Windows 7 x64 Debug GPU FYI bot failing WebglConformance.conformance_uniforms_gl_uniform_arrays |
|||
Issue descriptionFirst failing build: https://build.chromium.org/p/chromium.gpu.fyi/builders/Win7%20x64%20Debug%20%28NVIDIA%29/builds/843 ANGLE revision stayed the same so it's unlikely to be ANGLE. Regression range: https://chromium.googlesource.com/chromium/src/+log/624c53d136d76327615167859e5e015515286d99..d4dcbd342dd54f55383daf8bc44b2c9d97fe0d0b Possibly related to the VS2015 change? There seems to be a timeout in this test, possibly an ASSERT dialog. I have not tried to repro yet.
,
Mar 10 2016
I will test. If you want to test locally you can go: set GYP_MSVS_VERSION=2015 gclient runhooks ninja ...
,
Mar 10 2016
Any advice on how to build/run this test locally? Also, I see a lot of GL_ERROR output - I assume that is normal?
,
Mar 10 2016
Found it: python ../content/test/gpu/run_gpu_test.py webgl_conformance --show-stdout --browser=debug_x64 -v "--extra-browser-args=--enable-logging=stderr --js-flags=--expose-gc" --output-dir c:\users\brucedawson\documents\tmpdkcls2telemetry --output-format=json
,
Mar 10 2016
Running webgl_conformance seems to take tens of minutes. Is there a way to just run WebglConformance.conformance_uniforms_gl_uniform_arrays? Without that it's pretty unwieldy trying to understand the problem.
,
Mar 10 2016
The reason I couldn't find gl_uniform_arrays in a code search is because it is listed as gl-uniform-arrays. Once I found it I modified three files in third_party\webgl\src. In the first two I deleted all listed files except for the reference to the next file. In the last one I deleted all listed tests except for gl-uniform-arrays.html. sdk/tests/00_test_list.txt sdk/tests/conformance/00_test_list.txt sdk/tests/conformance/uniforms/00_test_list.txt Now I can repro the failure in a timely manner. It would seem helpful to have and document a less clunky way of running a single sub-test.
,
Mar 10 2016
The test seems to be running normally (alternating printing out vertex shader and pixel shader on the web page) and then times out before it completes - no assert dialog: 1) Does anybody know where the timeout is set so I can try increasing it? It appears to be a network timeout. 2) Does anybody know how long the VS 2013 version takes to run this test? I'm currently building a VS 2013 version to compare.
,
Mar 10 2016
Apologies for the difficulty running individual tests. The way to do this is to pass the --story-filter argument to the harness: run_gpu_test.py webgl_conformance --story-filter=gl_uniform_arrays The timeouts are probably deep inside Telemetry; if you can provide a stack trace we can figure out how to hardwire them to some larger value. The VS 2013 version takes about 20 seconds to run the test.
,
Mar 10 2016
I'm not sure whether the VS 2015 version is running much slower, or if it is iterating more times than it should. Making progress...

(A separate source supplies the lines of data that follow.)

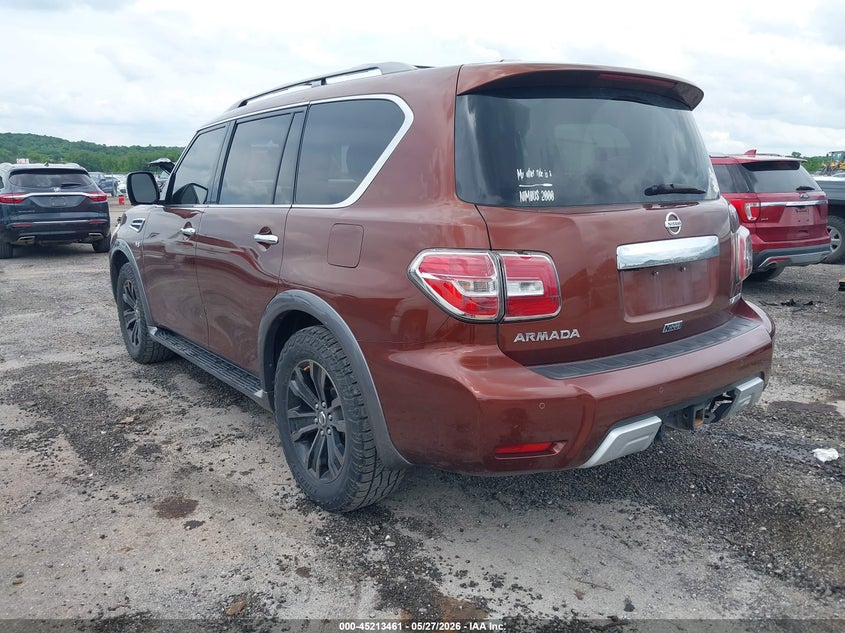 2017 Nissan Armada VIN JN8AY2NE7H9706021 IAAI salvage auction — HAIL, Salvage Title, sold $6,625 on 2026-07-14 (photo 3)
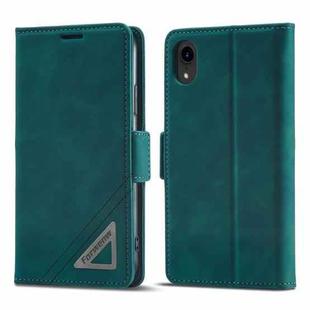 For iPhone XR Forwenw Dual-side Buckle Leather Phone Case(Dark Cyan)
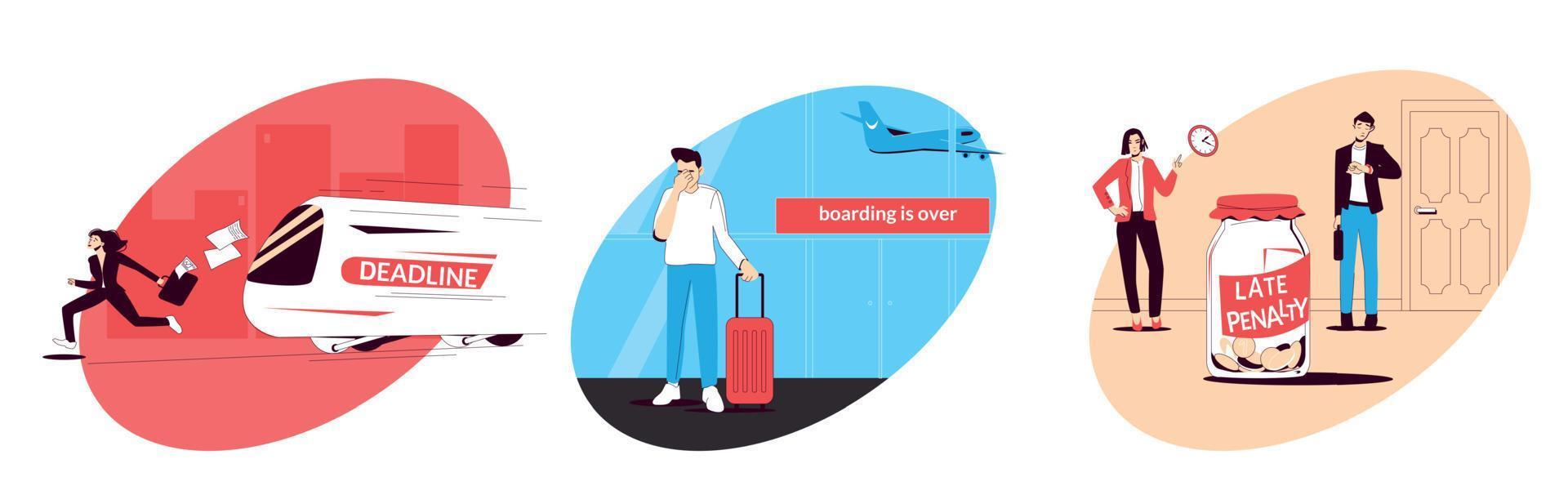 Be Late Compositions Set vector
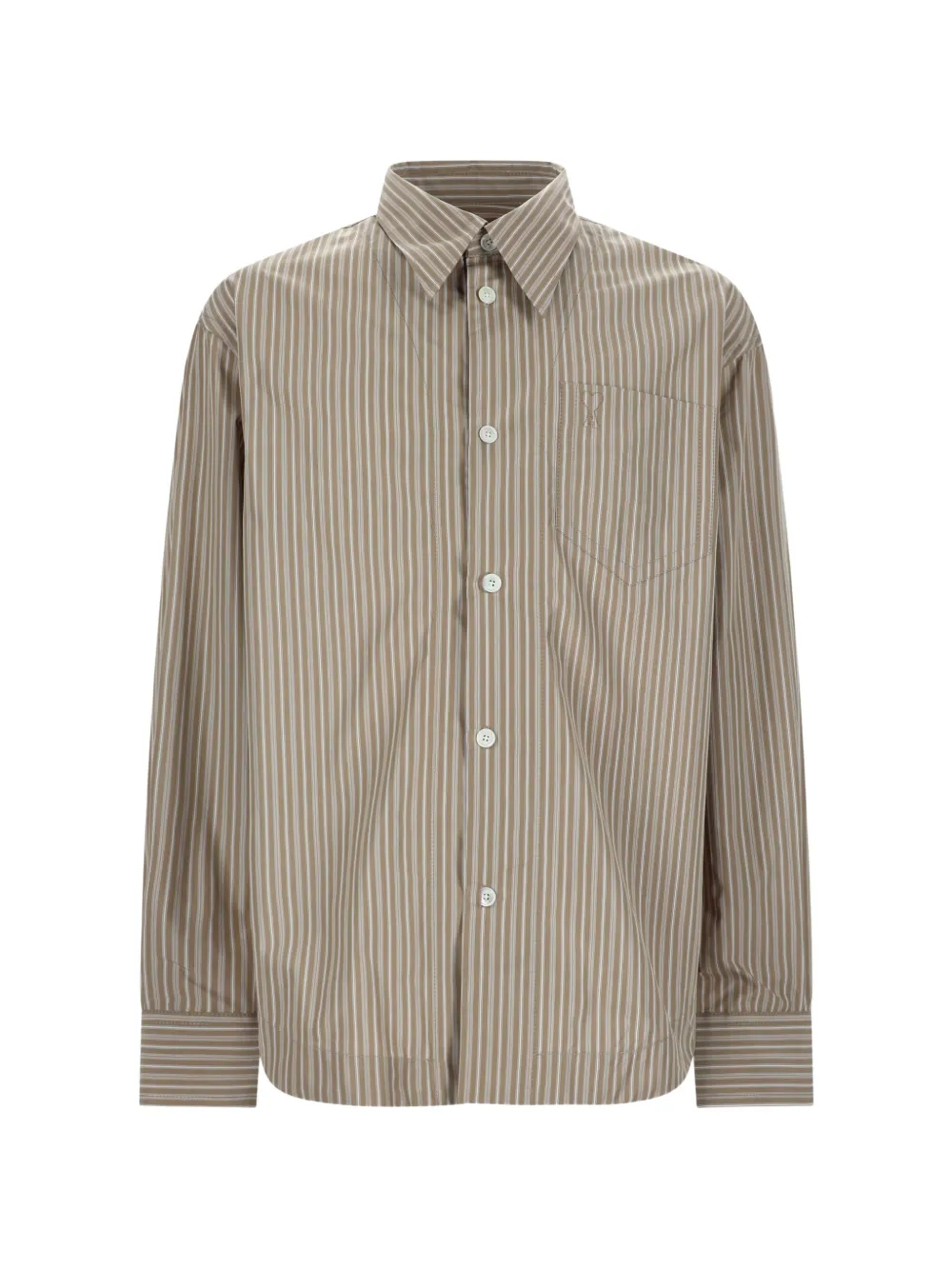 AMI Paris striped shirt - Braun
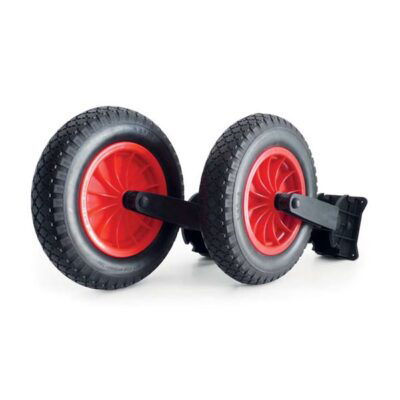 Transportwiel voor rubberboot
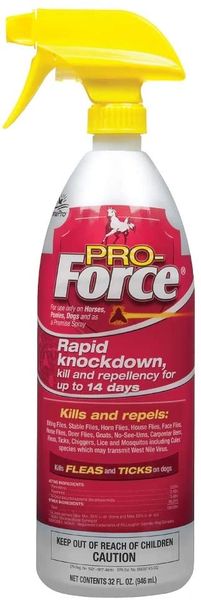 Pro-Force Rapid Knockdown Fly Spray, 32oz , Manna 1000184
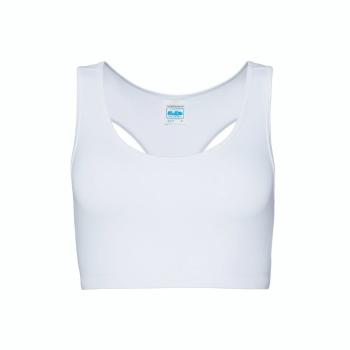 Just Cool Dámsky športový crop top - Arktická biela | XS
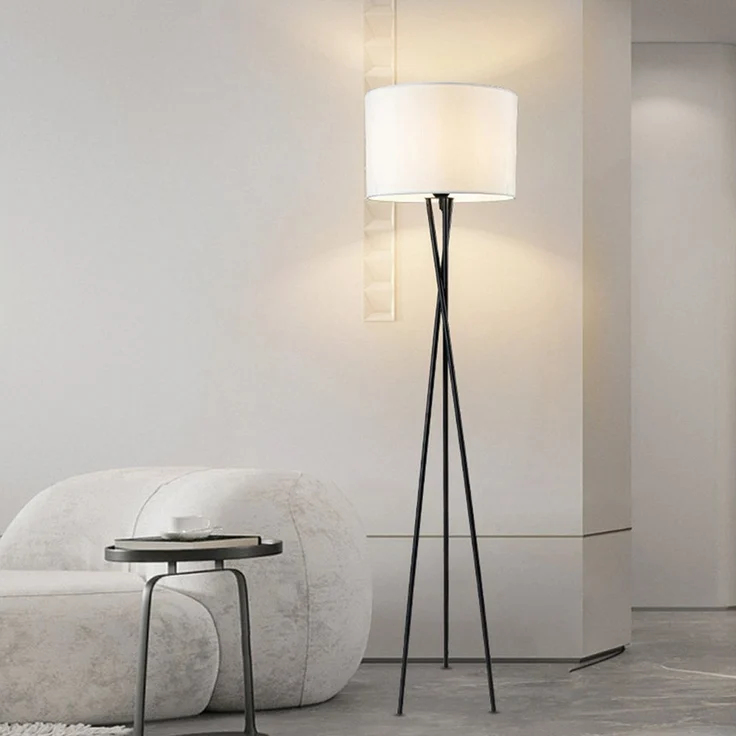 OYLCDI Stehlampe LED Stehlampe dimmbar Wohnzimmer Leselampe schwarz Standleuchte, 9W LED-Leuchtmittel,Stehlampe, Stehleuchte 165cm, mit Fußschalter, Leuchtmittel wechselbar, warmweiß-Neutralweiß-kaltweiß, Stehleuchte Triangle Stehlampe Wohnzimmer mit S... – Bild 2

The timeout callstack is shown below. Temporarily hardwiring the timeout to a larger value for test purposes could be handy.
File "third_party\catapult\telemetry\telemetry\internal\story_runner.py", line 84, in _RunStoryAndProcessErrorIfNeeded
state.RunStory(results)
File "content\test\gpu\gpu_tests\gpu_test_base.py", line 122, in RunStory
RunStoryWithRetries(DesktopGpuSharedPageState, self, results)
File "content\test\gpu\gpu_tests\gpu_test_base.py", line 72, in RunStoryWithRetries
super(cls, shared_page_state).RunStory(results)
File "third_party\catapult\telemetry\telemetry\page\shared_page_state.py", line 323, in RunStory
self._current_page.Run(self)
File "third_party\catapult\telemetry\telemetry\page\__init__.py", line 84, in Run
shared_state.page_test.RunNavigateSteps(self, current_tab)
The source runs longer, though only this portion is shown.